Rosendale is the New Williamsburg

2011 August 21
by Ando Arike

Williamsburg is, like, so over, dude!

According to a recent article in the Times, a little town in the Hudson Valley’s Ulster County, two hours north of New York City— i.e., Rosendale — has assumed the distinction of being the fledgling epicenter of hipsterdom in the area. Bedford Avenue beware — apparently this surge in trendiness is part of larger trend. “The Brooklynization of the Hudson Valley,” writes reporter Peter Applebome, is bringing a “steady hipness creep” and “Williamsburgian bars” to sleepy upstate towns like Beacon, Hudson, Kingston, High Falls, and even tiny Accord. But does the region, or the state, or the planet really need more “hipness”? Again, I must quote the classic Oakland R&B band Tower of Power and ask: “What is Hip?”

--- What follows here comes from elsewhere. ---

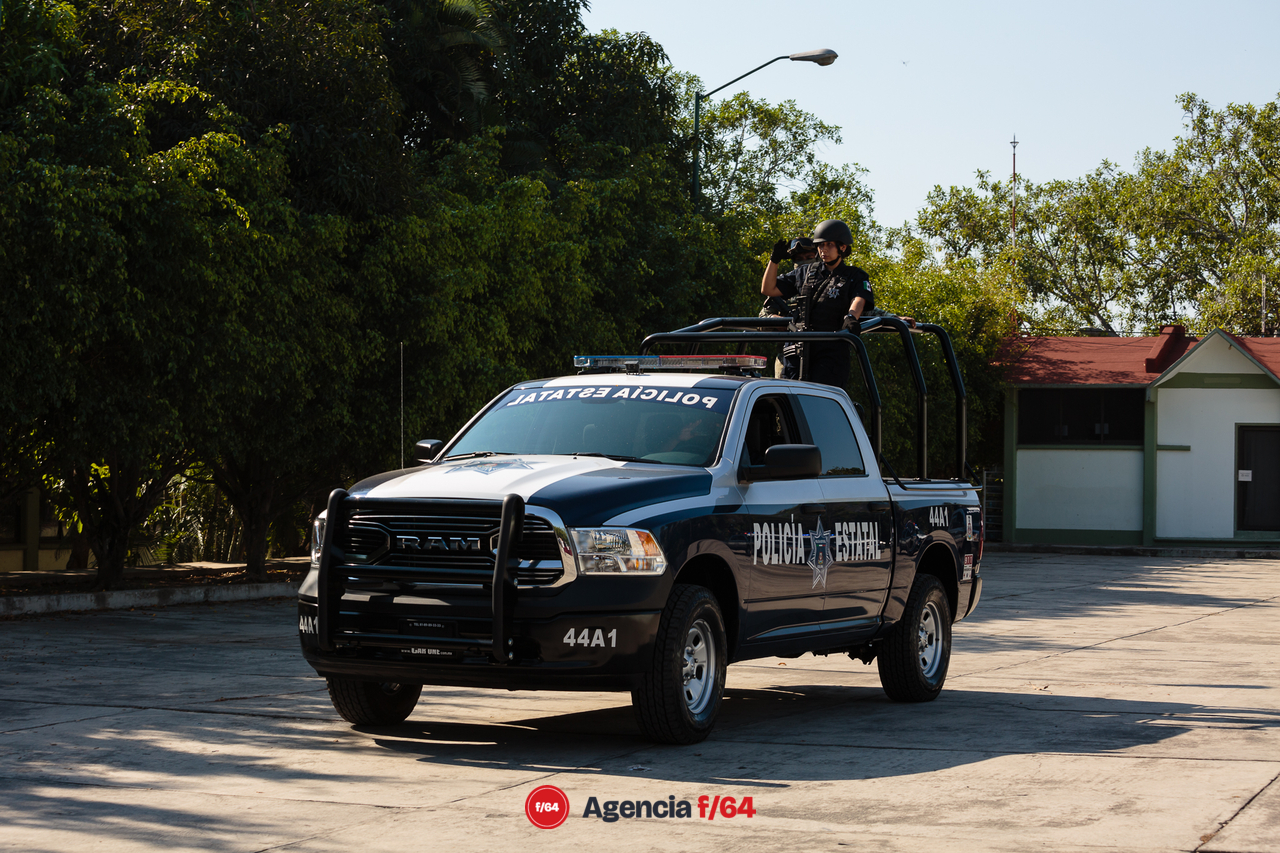 La Gobernadora del Estado de Colima, Indira Vizcaíno Silva, hizo entrega de 53 patrullas a la Policía Estatal. Esto dentro del marco del programa "Calles Seguras".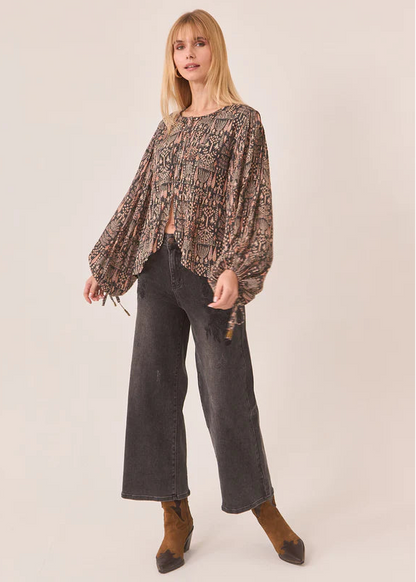 Blusa estampada con mangas abullonadas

Every few years, the Times is compelled, it seems, to dispatch a writer northward to the Hudson Valley to report breathlessly on all the hip cosmopolitan folks that are moving upstate. Inevitably, they’re opening artsy new businesses and shops, restoring rustic farmhouses and barns, and hanging out with their cool friends at subtly chic, yet down-home restaurants and coffeehouses—and, needless to say, bringing sophistication to the clumsy rubes in the provinces.

Of course, as with so much of the Times’ local reportage, the subtext here is real estate: scouting out new territory for gentrification, which these days often amounts to “hipsterization”— hipsters being the avant-garde of 21st century yuppies.  Like the artists who made Soho safe for bankers and lawyers, it’s now hipsters who provide the cultural cachet needed to bring unexploited real estate under the plow.  Barely hidden behind all this is a sort of home-grown colonialism that views everything through the lens of its profit-value for the local rentier class and its wannabes.

For instance, Applebome quotes “Sari Botton, a freelance writer in Rosendale” on the relative merits of various towns in the region:

“THERE is a parlor game people sometimes play, comparing Hudson Valley towns with New York neighborhoods, “ she says. “For instance, Rhinebeck might be the Upper East Side, Woodstock the West Village, New Paltz the Upper West Side, Beacon the East Village, Rosendale and High Falls different parts of Williamsburg. Tivoli could be compared to Greenpoint, Hudson to Chelsea, Catskill to Bushwick, Kingston to a mix of Fort Greene and Carroll Gardens.”

Do the math. Next time a New York Times reporter comes around your neighborhood asking questions about “what is hip,” think of what happened to the Indians when Christopher Columbus (or, for that matter, Henry Hudson) started snooping around the New World. It wasn’t good.

One Response leave one →
  1. 2011 September 7
    Carl Watson permalink

    Thank god the NoBro chic has not spread its patina to every village and hamlet on 28. To the chagrin of our town council, hipsters driving between America’s coolest small town of Phoenecia and the newly arrived Margaretville or Andes, hold their noses and turn away as they pass Fleischmanns. As one enlightened NYer said, “That town has the stink of the Jew on it.” Another liberal NYer of my acquaintance said, “There’s Mexicans living there.” Indeed there are some things that can’t be pastuerized for consumption by Brooklyn’s expanding appetites. For the time being I feel safe, but I’m getting a shotgun anyway. And stay out of my backyard you tolerant, diversity loving motherfuckers.

    ps. these towns I speak of no longer exist, they were washed away by the cleansing flood of God’s justice.